Remember, too, that a biblical beginning is not enough. Any service for the Lord can become a golden ephod. Take, for example, ministries or churches that no longer proclaim the gospel and teach the Word of God. They may have started out on a solid biblical foundation, but over the years they have strayed from Scripture. They have become golden ephods. Their assets have grown and their buildings may be impressive, but the ministries or churches themselves have become “objects of worship,” and are maintained because of the worldly human desire for positions of power and pride. They are an obstruction to the spiritual growth of God’s people, and a pitfall for those who don’t know Christ.

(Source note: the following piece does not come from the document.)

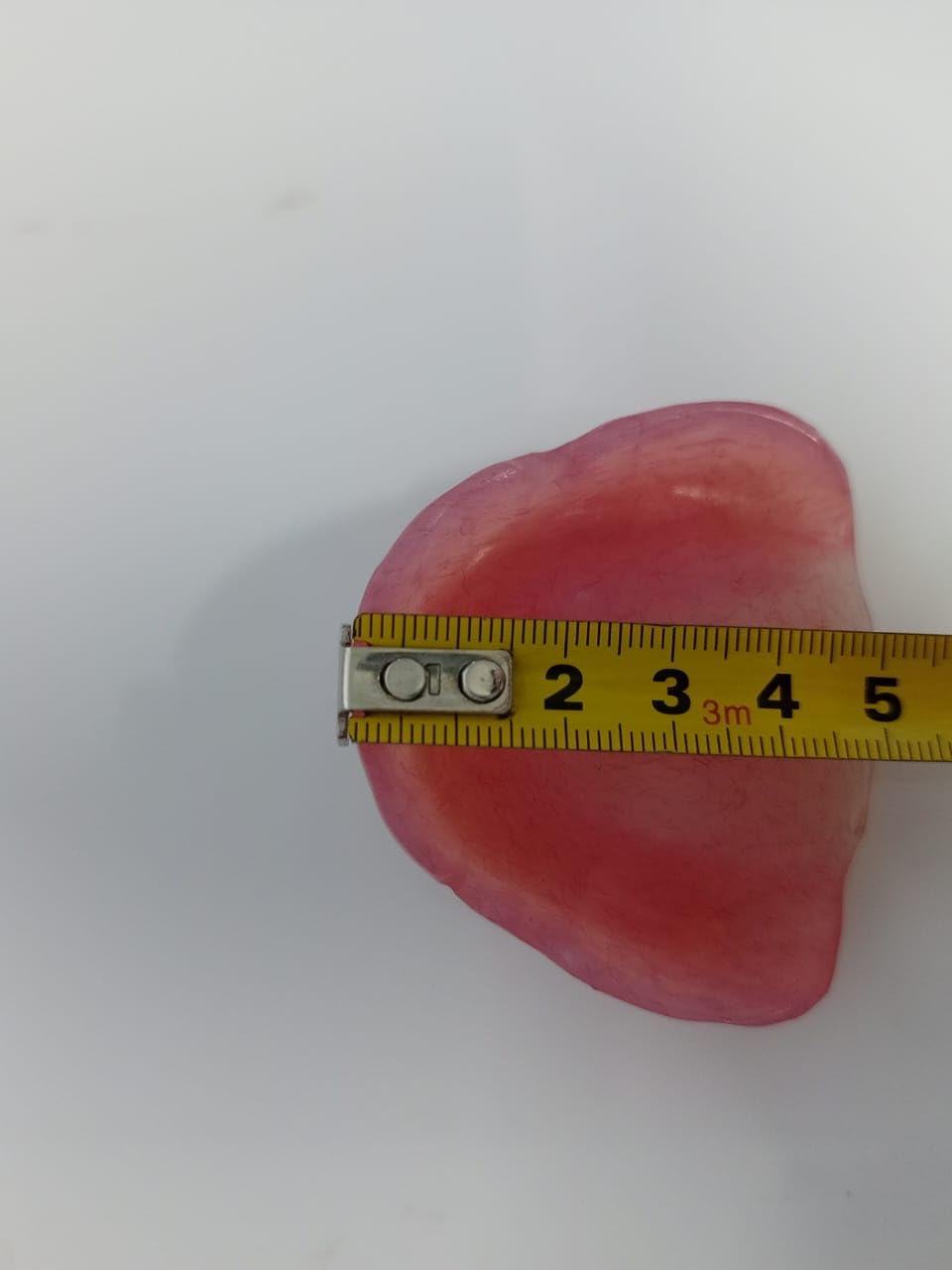 Upper Denture P250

Some institutions for Christian education or biblical studies have become golden ephods. Established many years ago with the good motive of training future teachers and leaders of God’s people, they have not only departed from biblical standards, they have even undermined the Word of God by denying its inspiration and authority. False doctrine is disseminated by professors who may even question the deity of Christ. These golden ephod institutions have become wealthy, heavily-endowed spiritual disasters, a trap and snare not only for their students, but for all the people of God.

The Golden Ephod Syndrome

Could your church or ministry become a golden ephod? The answer is obvious. Any church, institution, ministry, magazine, evangelistic group—any service for the Lord can become a golden ephod if it departs from the Word of God in its purpose, principles, ideas and methods of operation. Be on guard! Satan’s golden ephod ideas always look good- but they lead to spiritual disaster! New biblically-based methods or ministries that are scriptural can be used by God and greatly benefit God’s people, but great caution must be taken to keep the ministry on biblical track, and prevent the insidious creep towards a golden ephod. Be careful that the desire for “a few golden earrings” doesn’t ensnare you, your church or your service for the Lord into the golden ephod syndrome. Unfortunately, administrators, pastors, trustees, church members, presidents, evangelists and project supporters can become so enamored with their ministries that they will go to almost any lengths to preserve them, even when they have departed from their original purpose and become golden ephods. Remember, once a golden ephod is created and established, it is almost impossible to remove it!

The biblical narratives of the bronze serpent and the golden ephod were “written to teach us” (Romans 15:4). It’s a serious sin to distort the worship of God and to obstruct the growth of His people by creating, treasuring or maintaining bronze serpents or golden ephods.